EXERCISE REQUIREMENTS → Take the lines of the data below from the very first through the line containing "Cookies Unisex Layers" and output them exactly, pictures excluded.

- Opening Delimiter -

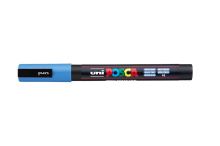 Posca popisovač PC-3M, 0,9 - 1,3 mm, nebesky modrá (48)_2 (9)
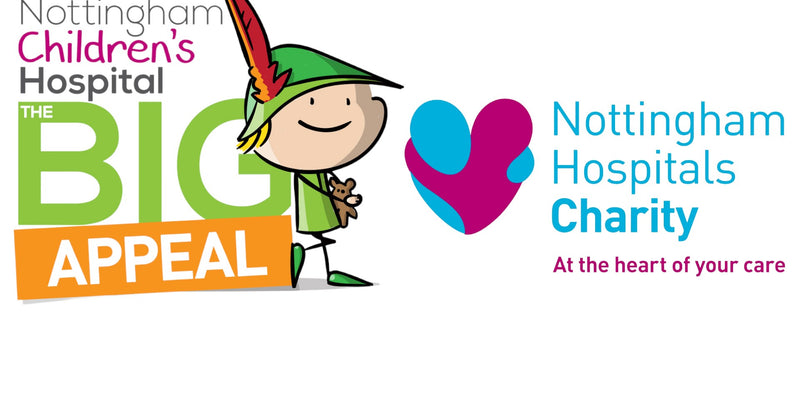 Eco Kiddies Joins Hands with Nottingham Hospitals Charity: Making a Big Difference for Little Ones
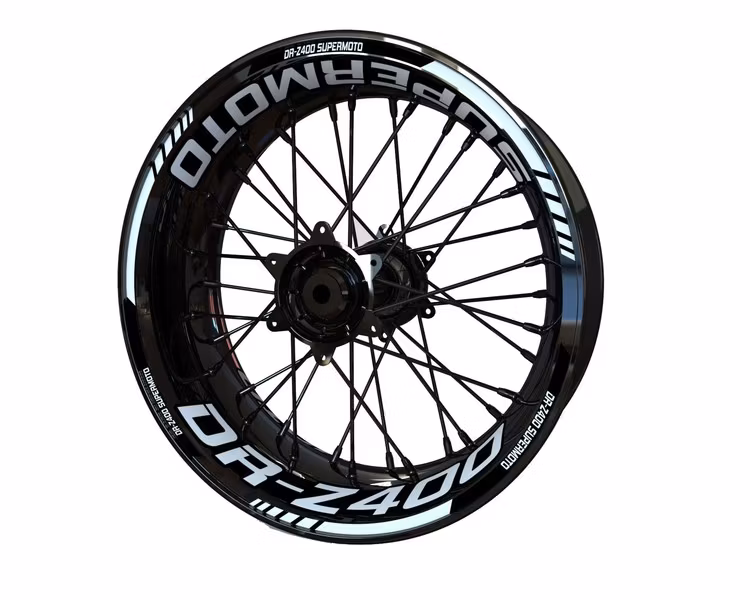 DR-Z 400 Adhesivos para llantas - "Supermoto"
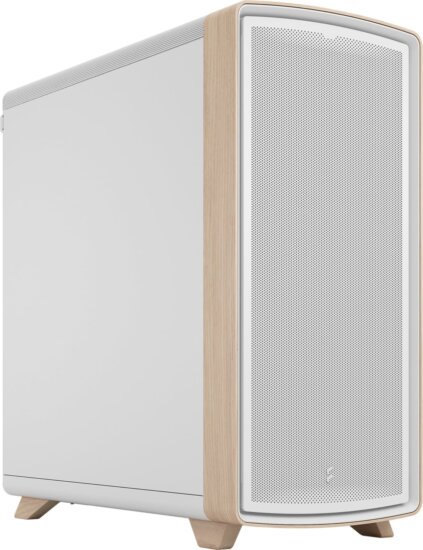 Fractal Design Summit Chalk White Solid számítógépház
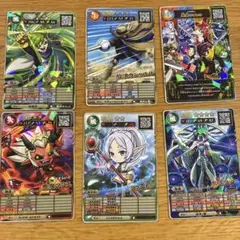 オレカバトル2 カードセット コロコロ付録 6枚セット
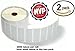 FBAMVP 4000 Self Adhesive Thermal Labels, 1x2.6-Inch, 2 Packs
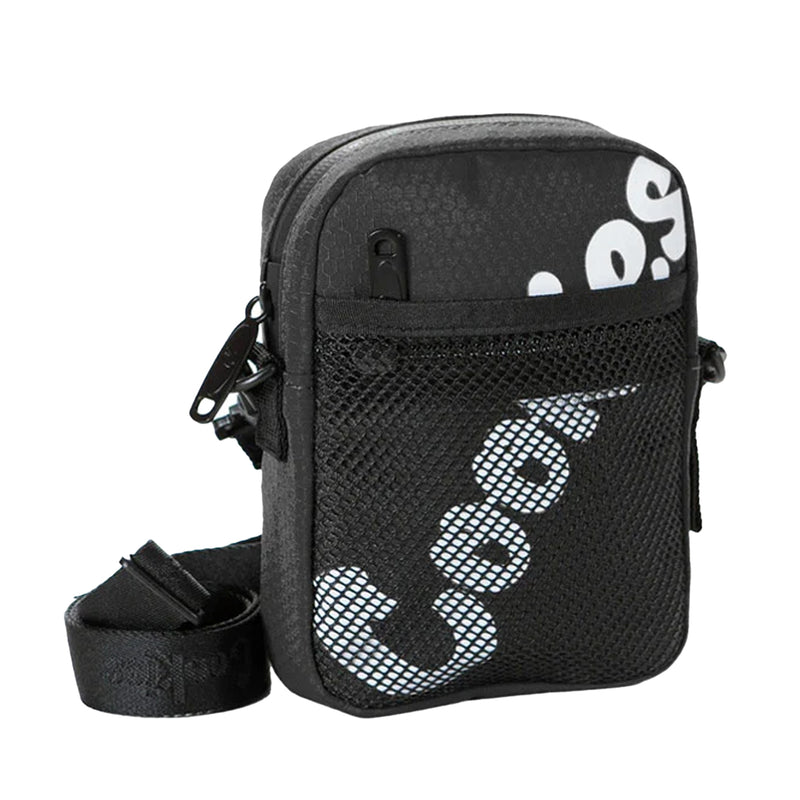 Cookies Unisex Layers Shoulder Bag 1562A6210 Black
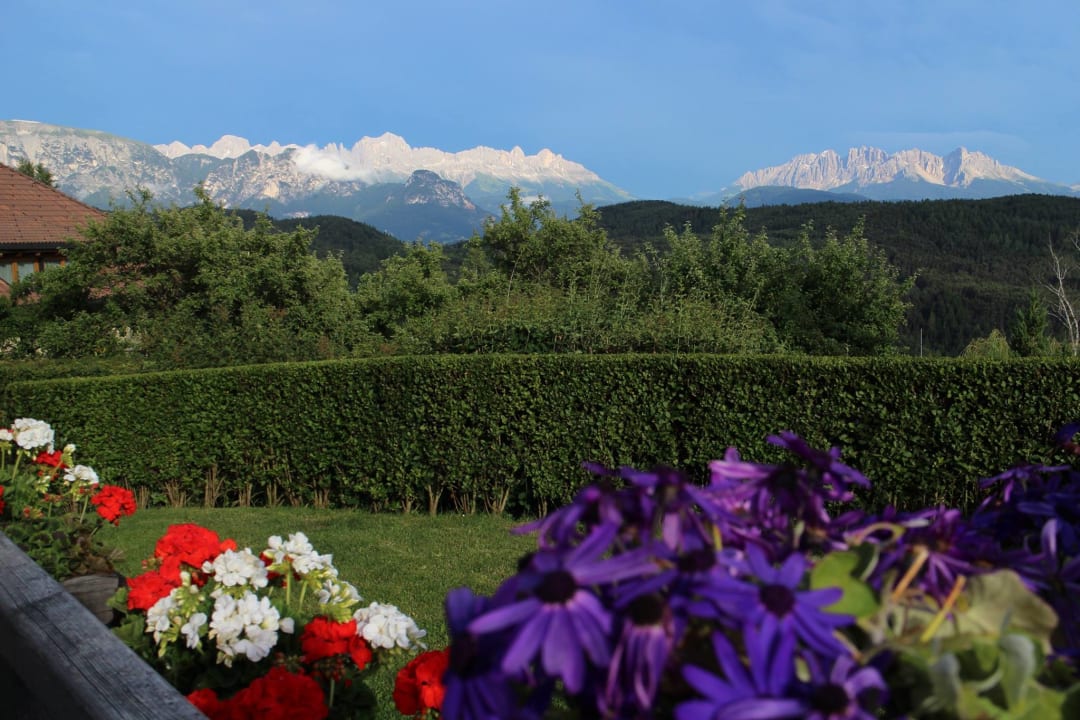 Ausblick Wanderhotel Regina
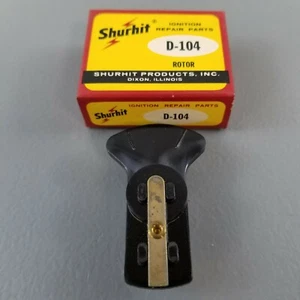 1 New NOS Distributor Rotor Shurhit D104 (Replaces GM 1972015) Vintage Vtg - Picture 1 of 2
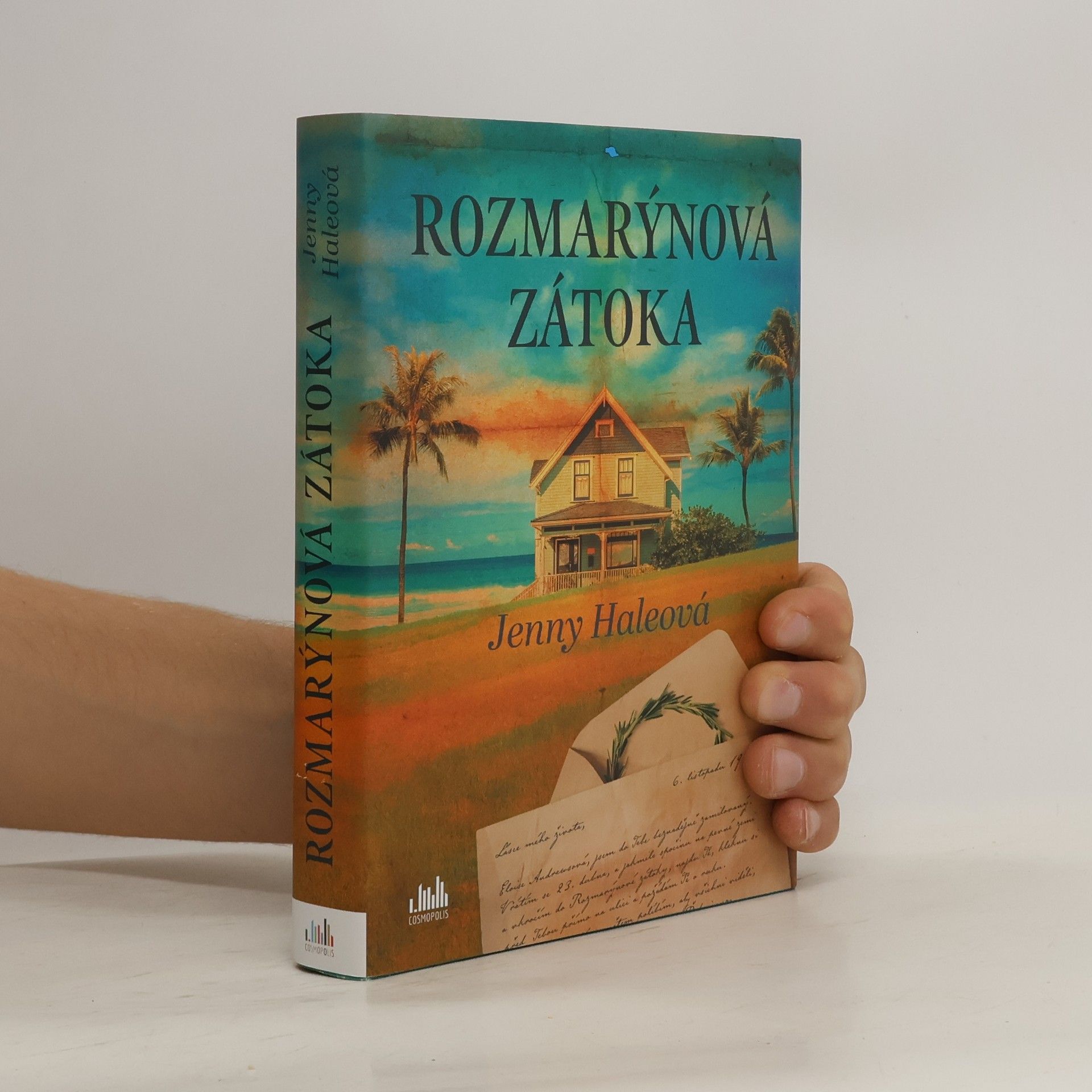 Jenny Hale Rozmarýnová zátoka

- Closing Delimiter -

SOLUTION TO THE PROBLEM →
 Posca popisovač PC-3M, 0,9 - 1,3 mm, nebesky modrá (48)_2 (9)
 Eco Kiddies Joins Hands with Nottingham Hospitals Charity: Making a Big Difference for Little Ones
 DR-Z 400 Adhesivos para llantas - "Supermoto"
 Fractal Design Summit Chalk White Solid számítógépház
 オレカバトル2 カードセット コロコロ付録 6枚セット
 FBAMVP 4000 Self Adhesive Thermal Labels, 1x2.6-Inch, 2 Packs
 Cookies Unisex Layers Shoulder Bag 1562A6210 Black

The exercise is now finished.